I’ve got a lot of essays that are in various stages of completion. One is about a trip to the Holocaust Museum in Washington D.C. (well, sort of – it’s really about stories), one is about my grandfather who recently died (I don’t know what that one is really about – it’s too new), one is about driving around in the country with my father (and that’s really about the ways that places define us). And there are others…
What was your favorite TV show when you were growing up?
Gosh…when? As a child, I loved Rainbow Brite but I barely even remember it now. I loved watching Northern Exposure and Pickett Fences with my parents when I was in elementary school. And in high school, my favorite was the short-lived My So-Called Life—but not for the reason that everyone else loved it (Jared Leto). I was attracted to that show because it was so raw. People had realistic problems that didn’t get neatly resolved, and the characters were believable. I still pop the DVDs in every once in a while, and as an adult I still find it to be good TV. Good writing, good characters. Lots of depth.

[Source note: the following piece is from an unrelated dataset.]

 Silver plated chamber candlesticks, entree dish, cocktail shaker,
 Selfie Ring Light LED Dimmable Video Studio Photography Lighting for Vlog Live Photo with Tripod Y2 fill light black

What is the worst job you've ever had?
I haven’t ever had a job that I disliked. There are pieces of every job I’ve had that sucked, but honestly, I’d go back to any of my previous jobs without any complaints. My favorite job was scooping ice cream at the Door County Ice Cream Factory in Sister Bay, WI. My sister and I spent a whole summer living together in a cabin right on the water, making decent money working full time scooping ice cream and making sandwiches. I had a strong preference for working the ice cream counter, though. Blue Moon is my favorite flavor to this day, but Harley Davidson is a close second.
What is something that people would not know about you based on your résumé?
I loathe vegetables…and if I have to eat them (sometimes Jim and Lisa make me), I prefer them either raw or out of a can. It’s somewhat embarrassing. On the other hand, I am a true Wisconsin girl and enjoy cheese in all of its varieties, although I find fried cheese to be the most delectable.
What is something your fellow Stoneboat editors don't know about you?
I was on the debate team in high school and had my senior picture taken with a stuffed monkey named Herb, the unofficial debate team mascot. I sometimes tease Rob about the sexy senior portrait I found in his basement (drumsticks! acid-washed jeans!), but mine is equally embarrassing, just in a completely different way.
If you were to cast your fellow Stoneboat editors in your favorite movie/TV show/musical/novel, what parts would they play?
I’m going to cheat and not cast them all in the same movie/show/etc. It’s more fun this way.
Rob: Hannibal Lecter in Silence of the Lambs…not because Rob is actually psycho (I hope), but because I think he’d do a marvelous job if he had to portray a psycho.
Jim: The Mysterious Stranger in pretty much any movie, film, or TV show. Jim’s got that air of intrigue. He’s very enigmatic and doesn’t put a whole lot of himself out there for strangers to see. Once you get to know him, though, you find out that he’s quite awesome.
Lisa: The voice of Strawberry Shortcake. She’s little and cute and has that happy voice.
What should the Stoneboat fan club know about you?
Our fans should find one another and form an actual fan club. That would be awesome.